*** Opening of DATA FOR THIS TASK ***
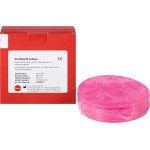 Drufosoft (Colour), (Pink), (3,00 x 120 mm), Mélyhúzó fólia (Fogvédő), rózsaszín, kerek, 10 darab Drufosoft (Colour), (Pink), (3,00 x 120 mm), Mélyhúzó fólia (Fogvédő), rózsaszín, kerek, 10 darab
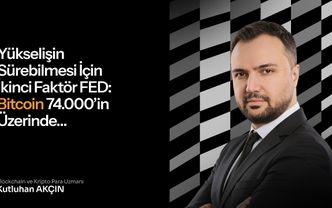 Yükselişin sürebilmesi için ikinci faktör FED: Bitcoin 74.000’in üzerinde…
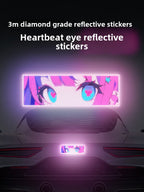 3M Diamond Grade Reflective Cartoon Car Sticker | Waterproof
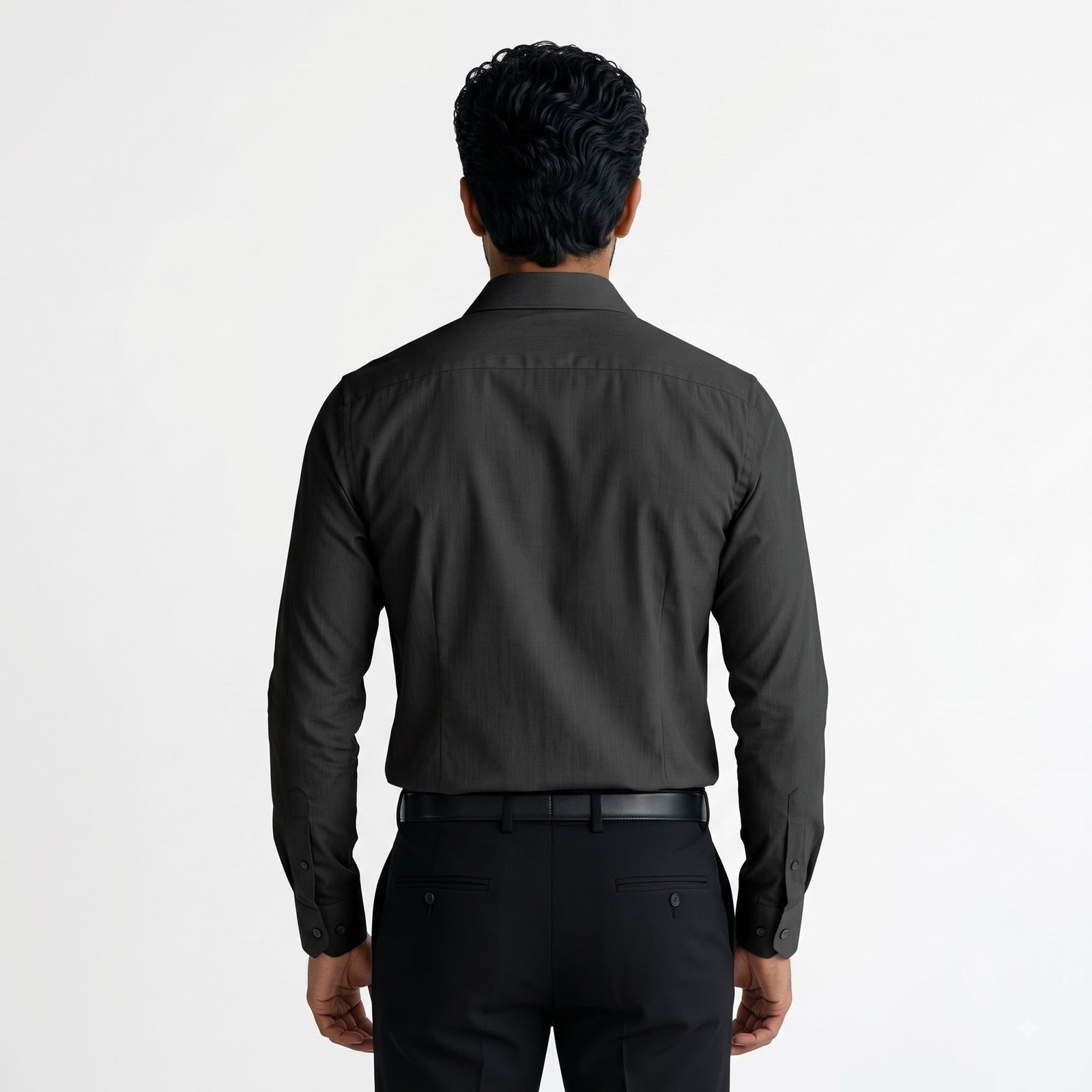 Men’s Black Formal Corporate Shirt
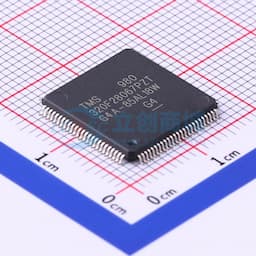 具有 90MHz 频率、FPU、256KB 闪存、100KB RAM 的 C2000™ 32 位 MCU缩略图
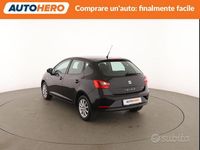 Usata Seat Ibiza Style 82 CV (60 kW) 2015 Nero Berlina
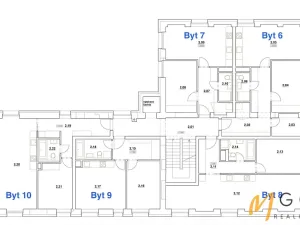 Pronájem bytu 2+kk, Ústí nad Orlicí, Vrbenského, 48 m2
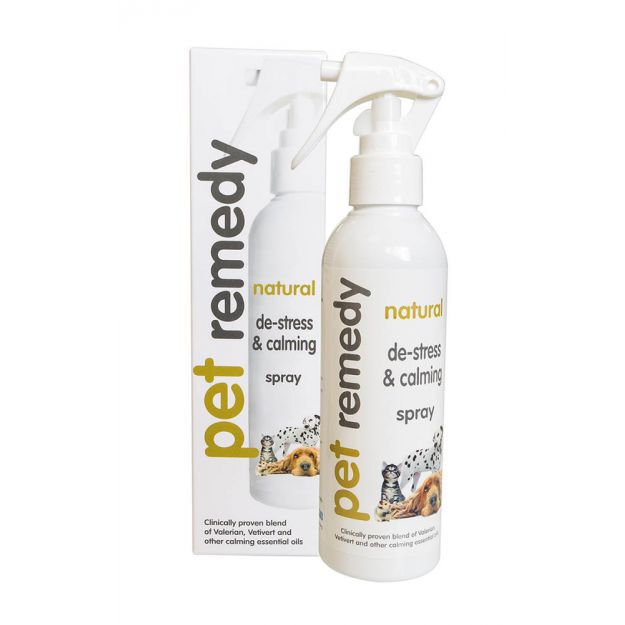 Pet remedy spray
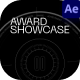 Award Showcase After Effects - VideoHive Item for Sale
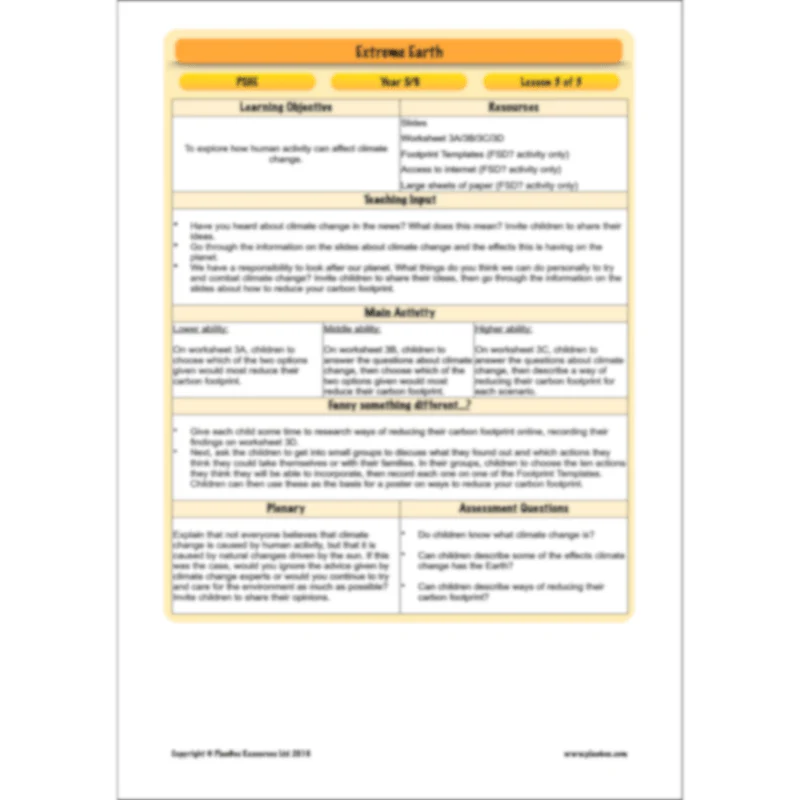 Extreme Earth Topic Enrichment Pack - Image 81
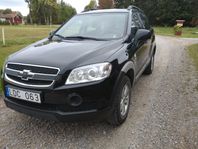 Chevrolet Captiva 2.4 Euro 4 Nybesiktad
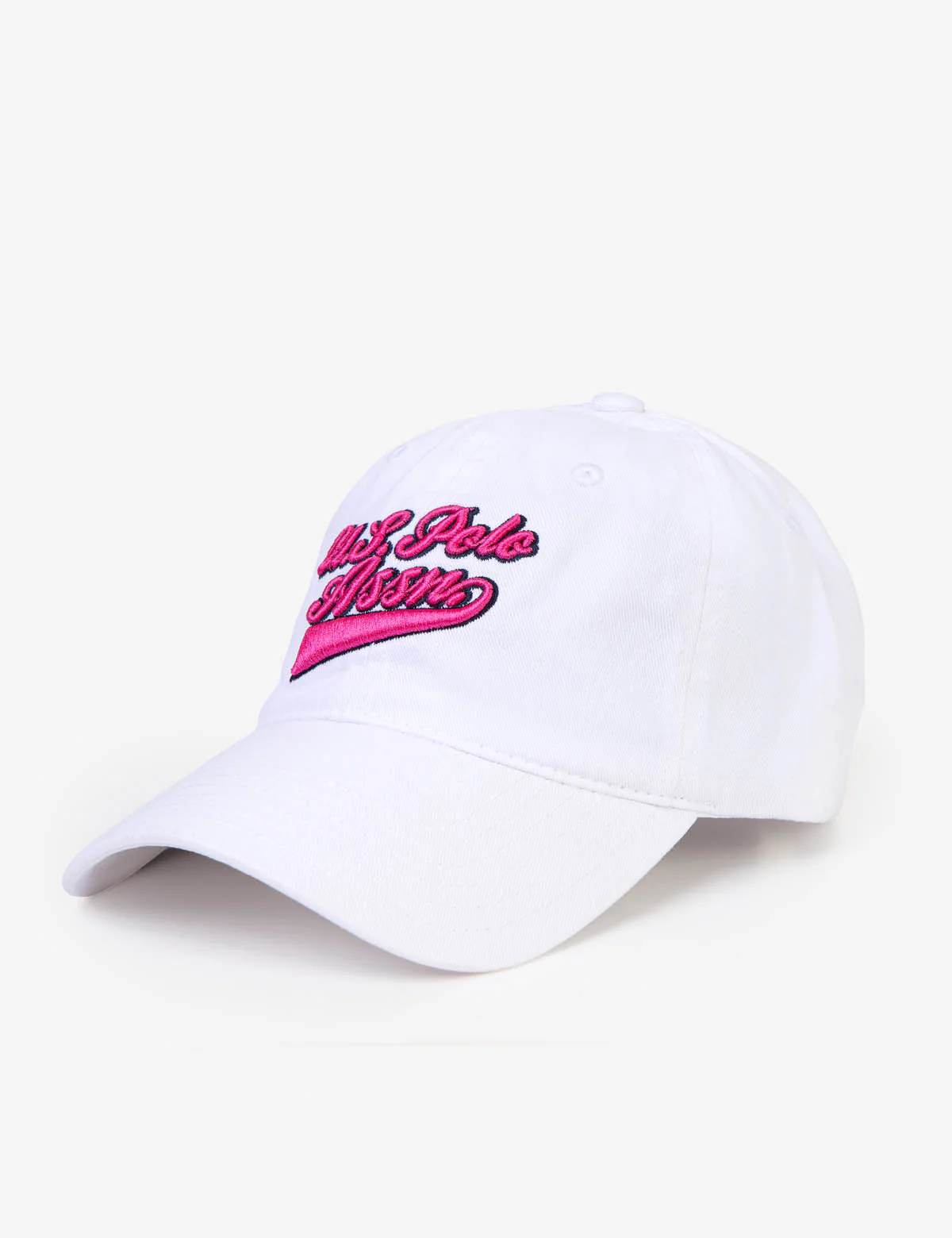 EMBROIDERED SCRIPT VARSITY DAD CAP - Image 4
*** Close of DATA FOR THIS TASK ***
TASK OBJECTIVE: A word-for-word copy of the lines from the one with "Pronájem bytu 2+kk, Ústí" through the last line of the data above is required, with both end lines included and no pictures.

REPLY TO THE EXERCISE:
 Pronájem bytu 2+kk, Ústí nad Orlicí, Vrbenského, 48 m2
 Pet remedy spray
 Award Showcase After Effects - VideoHive Item for Sale
 Extreme Earth Topic Enrichment Pack - Image 81
 Chevrolet Captiva 2.4 Euro 4 Nybesiktad
 EMBROIDERED SCRIPT VARSITY DAD CAP - Image 4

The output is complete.